We have a machine running some stuff on Docker, and little by little it has started to become important to keep an eye on it. However, looking for information on monitoring a Docker server it always seem to assume you’re running it in Swarm mode, which is not and WILL NOT be the case of this machine, Swarm adds a layer of complexity unneeded in this case.
What do you recommend for this case? I for one would love if the thing didn’t just give you a view of the things running on it but also gave you notifications if something went wrong (like if a container had to be restarted, or if one suddenly started eating all the CPU or something unusual).
I will be keeping an eye on this thread to see what other people do, but what I have done in the past is to have a couple different health checking strategies.
- For web-accessible services I am running, I usually run something like Uptime Kuma or Gatus on a different box checking to make sure those web endpoints are available and performant. I lately have been really digging how Gatus can check more than just the response header, but also latency and certificate validity.
- For the host machine, you can set up custom alerts within netdata for stuff like cpu utilization and memory with custom thresholds.
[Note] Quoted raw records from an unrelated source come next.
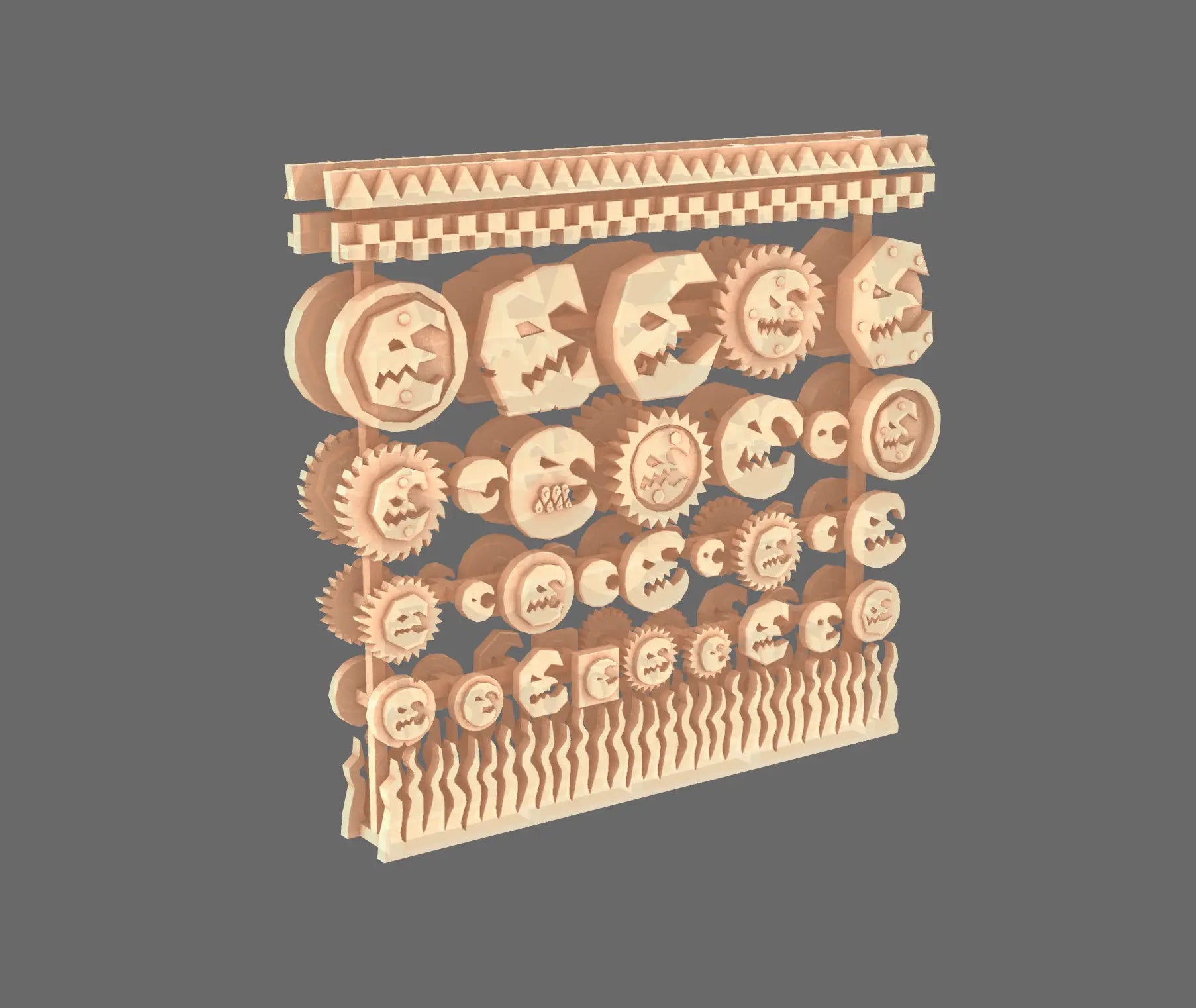 Lunar Orcs Clan Symbols BW Terrain & Forge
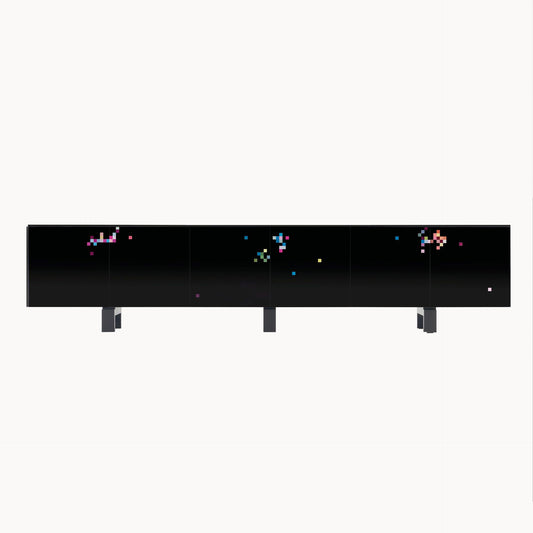 Mdf Cabinet/Sideboard Dreams by Bd Barcelona Design #3M#All Black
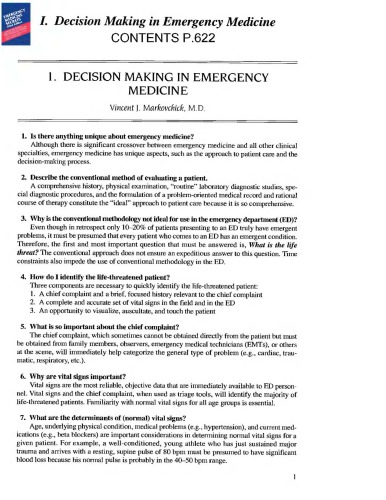 Emergency Medicine [secrets series]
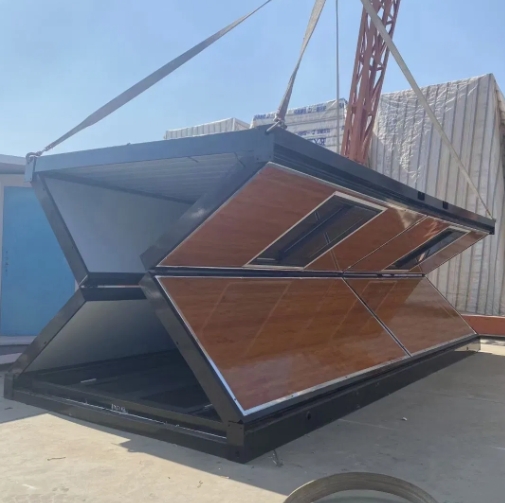 Easy Installation Prefab Mobile Portable Folding Container House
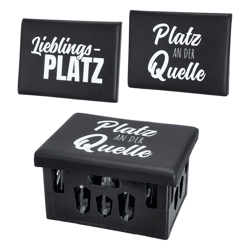 Bierkastensitz Sprüche, 2/s, ca.43x33cm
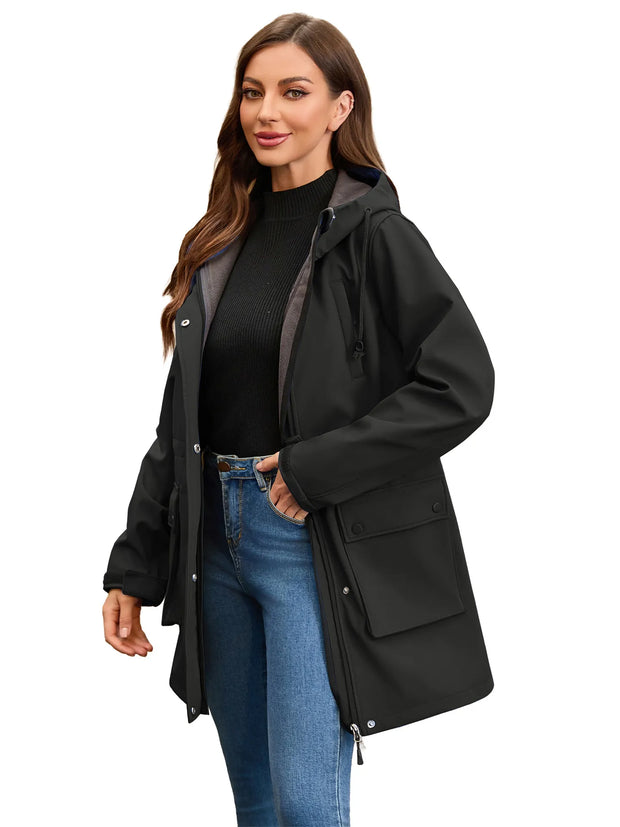 Wasserdichte Damen-Softshelljacke mit Kapuze - Elina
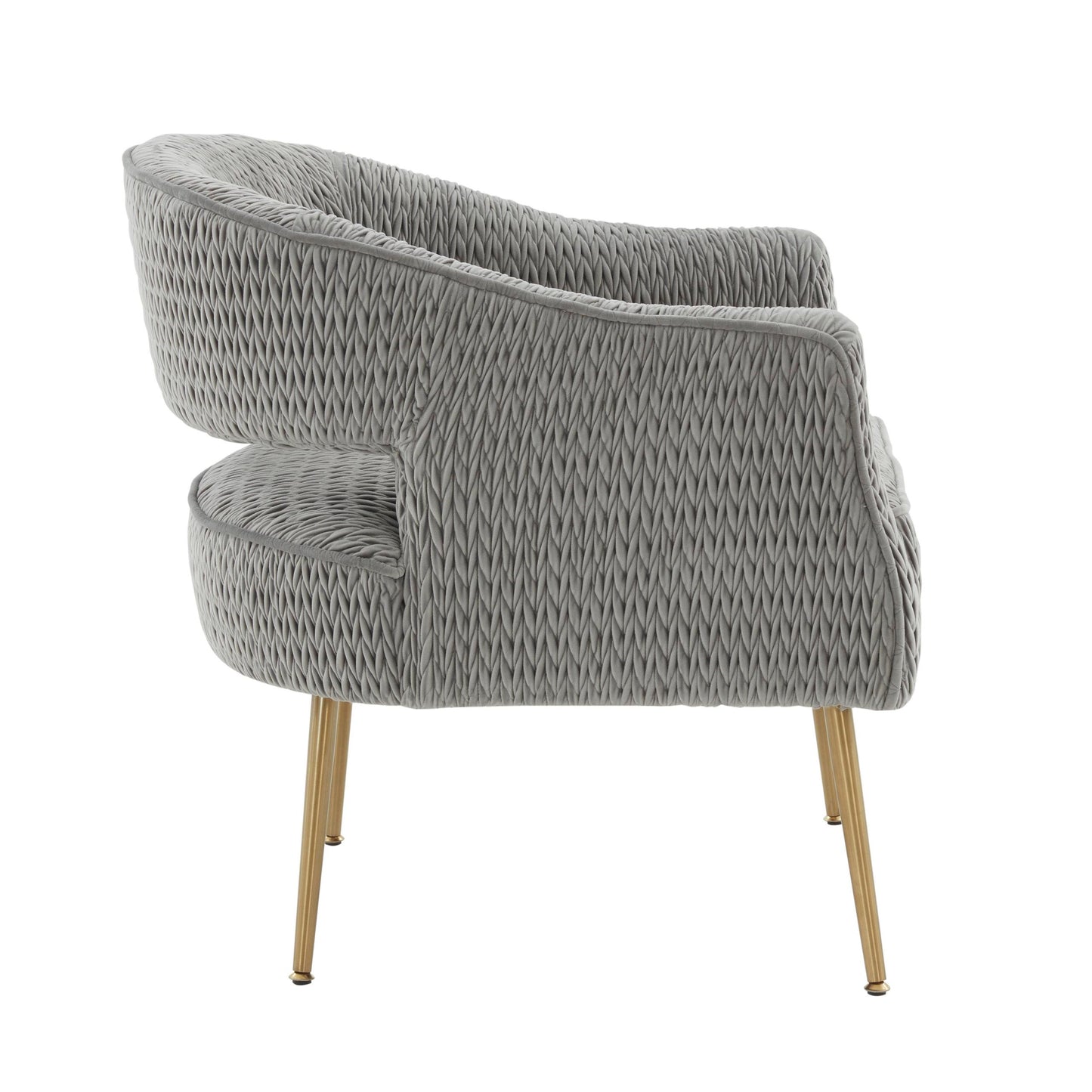 Diana Grey Velvet Accent Chair by Inspire Me! Home Decor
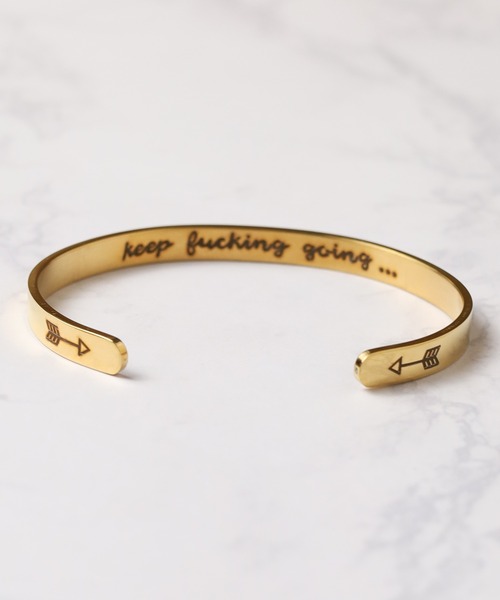 ARCHIVER（アーカイバ）の「【BK】【keep making going】メタルブレス（バングル/リストバンド・レディース・ブロンズ/マルチ/ゴールド/シルバー/ブラック・FREE）」の22枚目の写真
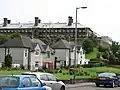 Lethamhill Road, background Barlinnie prison, in 2011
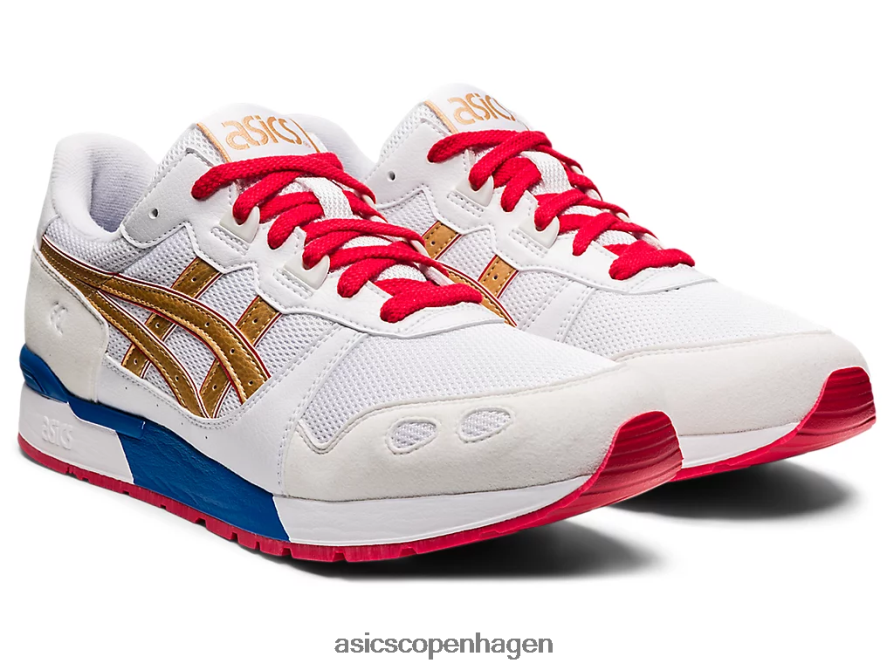 Asics gel-lyt hvid/rent guld Z206F61744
The only other solution I have used for this in the past is setting up alerts through my VPS provider (if it is a VPS that is).
- On really low-spec machines I have had trouble with netdata though, so I don’t have a good solution in those cases. Interested to see if there are less demanding options. Instead, I have resorted to just using dashdot as a PWA so that I can check it easily on my phone if I am on the go.
- For some custom services in the past that run on set schedules, I have used healthchecks.io (which you can selfhost) to send alerts in the case that they don’t run for some reason.
- As for the containers being restarted, I actually don’t have experience with that, so I am interested to see what others have done.
Gatus sounds pretty cool, I’ll definitely give it a closer look later. Maybe it’s the push I needed to go ahead and look into proper observability as a whole, log ingestion and whatnot. My homelab setup is sorely lacking on that department if I’m being honest lol
Uptime Kuma for web monitoring.
I’m experimenting with both Zabbix and Netdata to see which one I want to keep for monitoring resources on my hosts.
I use healthchecks.io to monitor backup scripts and cronjobs.
I’m using Autoheal to restart containers that are in an unhealthy state. For some containers this means I need to write my own health check. I mostly did this to resolve a rare issue where Plex would lock up but it’s helped in other scenarios too.
Have started experimenting with OpenTelemetry (https://opentelemetry.io/docs/what-is-opentelemetry/) to add observability to different parts of the stack running inside a Docker container.
Not gotten far enough to recommend anything specific, but there is big ecosystem of open source collectors and analytics tools out there.